Input data:
+-------+

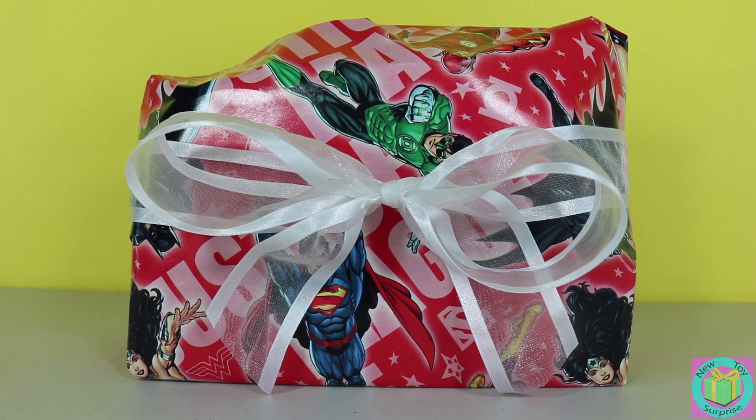Hi guys. Welcome to New Toy Surprise. Our present is wrapped with Justice League wrapping paper. That's our only clue of what could be inside. So let's just open it up and find out.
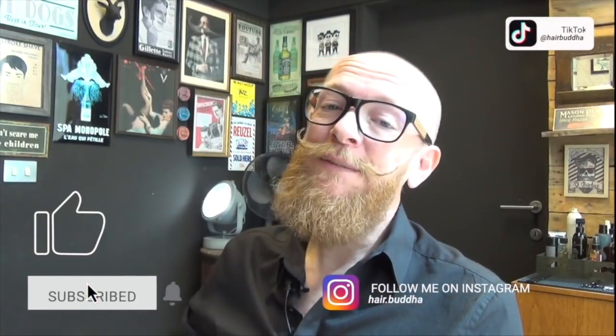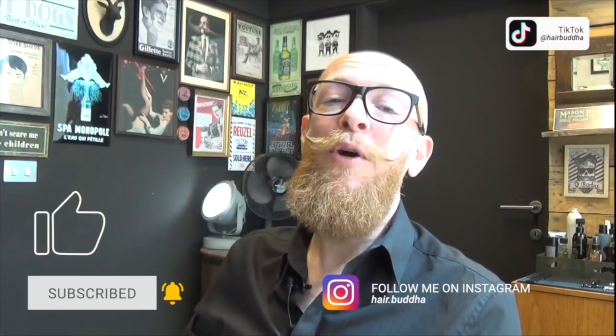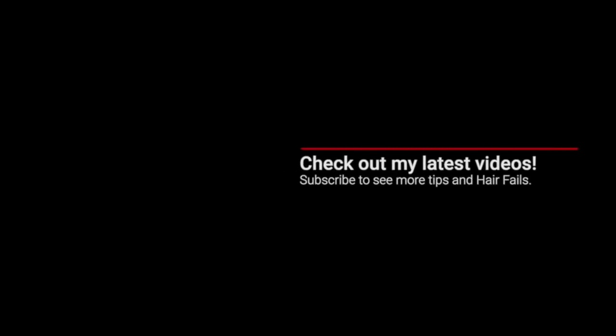Have you enjoyed this video? Have you laughed? Have you learned something? Give this video a thumbs up, subscribe to my channel, press that notification bell, and you can follow me on Instagram. See you next time. Ciao, bye!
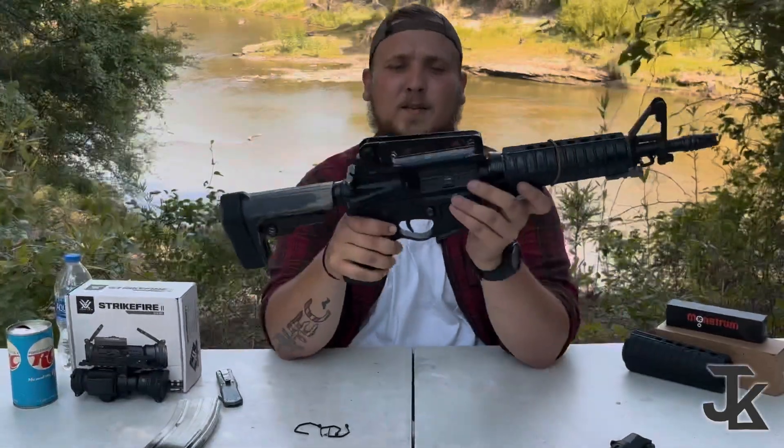The carry handle itself is actually pretty stout. That 20-rounder I chucked — it's laying somewhere out there.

+-------+

Without including any picture, reproduce the material above word for word.

Hi guys. Welcome to New Toy Surprise. Our present is wrapped with Justice League wrapping paper. That's our only clue of what could be inside. So let's just open it up and find out.
Have you enjoyed this video? Have you laughed? Have you learned something? Give this video a thumbs up, subscribe to my channel, press that notification bell, and you can follow me on Instagram. See you next time. Ciao, bye!
The carry handle itself is actually pretty stout. That 20-rounder I chucked — it's laying somewhere out there.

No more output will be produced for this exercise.